No. 89 / Mayo 2016

Miłosz, joven y viejo*


Adam Zagajewski


(Traducción de Elzbieta Bortkiewicz con el apoyo del Instituto Polaco de Cultura de Madrid.)

Todo parece indicar que son aquellos poetas que murieron jóvenes, como John Keats o Novalis, o bien aquellos que abandonaron la poesía muy temprano para entregarse a la vida práctica, como Arthur Rimbaud (a decir verdad, sería difícil encontrar otro ejemplo con una biografía tan excepcional), los que atraen especialmente a los lectores. Nos fascina alguien como Hugo von Hofmannsthal, quien, siendo alumno de instituto, escribía poemas increíbles y quien después abandonó la lírica. Hay algo en nuestra época que nos hace admirar un fragmento, adivinar la continuación, imaginarnos el final que no hubo.
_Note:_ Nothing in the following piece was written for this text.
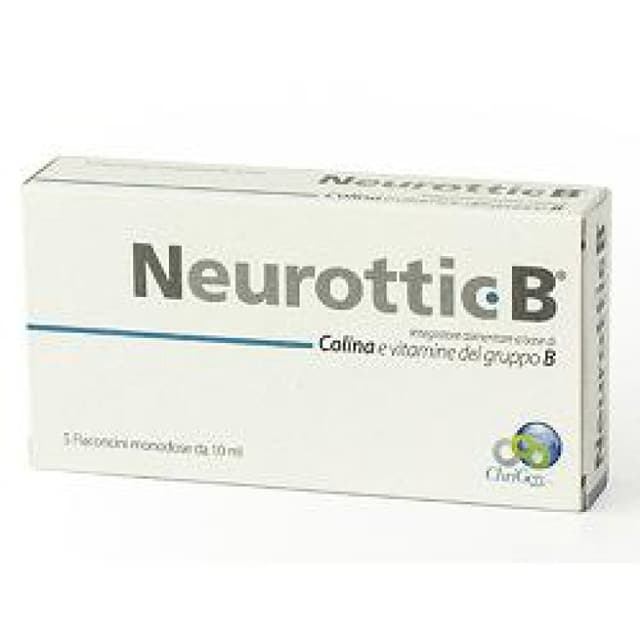 Neurottic B – 5 Ampullen à 10 ml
La obra llevada a la senectud, una obra llena, madura, saciada de sabiduría como el vino puede estar saciado del sol del sur, nos intimida y hasta desalienta. Incluso en Alemania el gran Goethe es a veces situado en el segundo puesto, después de Hölderlin que calló prematuramente, desapareciendo en una noche de enajenación.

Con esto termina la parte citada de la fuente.